The current forecasts for passenger numbers and jobs to be created are just the latest in a string of such Pollyanna predictions that have been made over the last 50 years, all of which have failed to materialise even in an era of cheap oil. An extra 50% more energy will be required in 20 years time to grow and transport the food necessary to feed a world population that will have grown to 9 billion, against a background of ever diminishing oil supply. The choice will be between flying and eating, and 20 years may well be an optimistic forecast. Holiday resorts on the Mediterranean can and should be reached by rail, not air. Global warming is a reality and air travel a major contributor. The councils should be promoting local holiday attractions, not the means of moving holidaymakers to spend their time and money elsewhere.
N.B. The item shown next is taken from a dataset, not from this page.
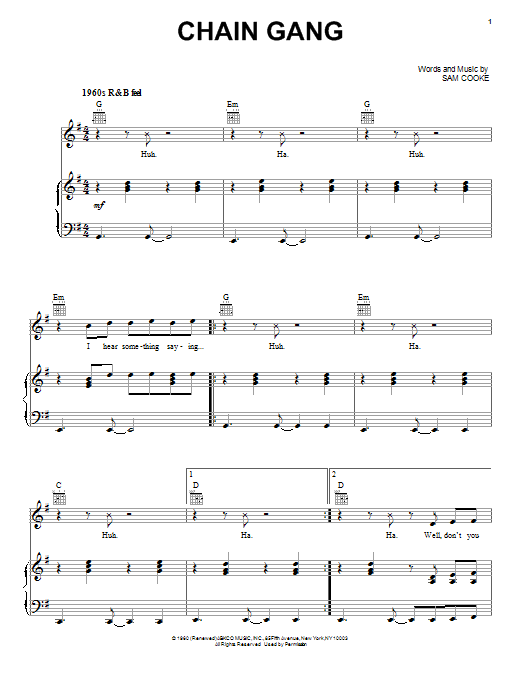 Download Sam Cooke Chain Gang Sheet Music and learn how to play Real Book – Melody & Chords PDF digital score in minutes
The whole area is steeped in history: the Saxon king, the Boleyns and the Mayflower to name but a few, and yet no attempt is made to exploit their tourist potential. In fact, by almost destroying St Laurence church, they undermine the small but steady stream of American tourists that visit it every year – Americans, it would appear, know more about our local history than our councils.
In a densely populated area where land is at a premium, to waste so much of it on a useless white elephant of an airport is criminal. Even if oil supplies and global warming permitted the continuation of mass air travel, which is extremely doubtful, Stansted airport, which plans to double its passenger numbers, is barely an hour away. The land should be better employed for the benefit of the local population. A full size swimming pool, not the oversized paddling pool currently being constructed with customary penny-wise, pound-foolish policy by Southend Council at Fossetts could be built there. An athletics centre with proper running tracks, an equestrian centre, a vehicle driving training centre to get learners out of our side-streets, a golf driving range in association with the golf course – the list goes on. All these things would improve the quality of life for citizens that our councillors are elected to protect, not degrade with noise, air pollution and runaway climate change.
29th December 2003
Dear Sir,
Re: – Southend Airport Expansion ref. APP/D1590/E/03/1128002 and APP/D1590/A/03/1128003
I am writing to express my total opposition to the proposal to demolish St Laurence and All Saints church and to the expansion of Southend Airport. The reasons for my opposition are as follows: -
Firstly economics of the proposals. I have lived adjacent to Southend Airport for almost all of the time it has aspired to develop from a flying field. During that time, there has been a succession of undertaking, which claimed that they would make it a commercial success. All these schemes have one thing in common, they were all failures.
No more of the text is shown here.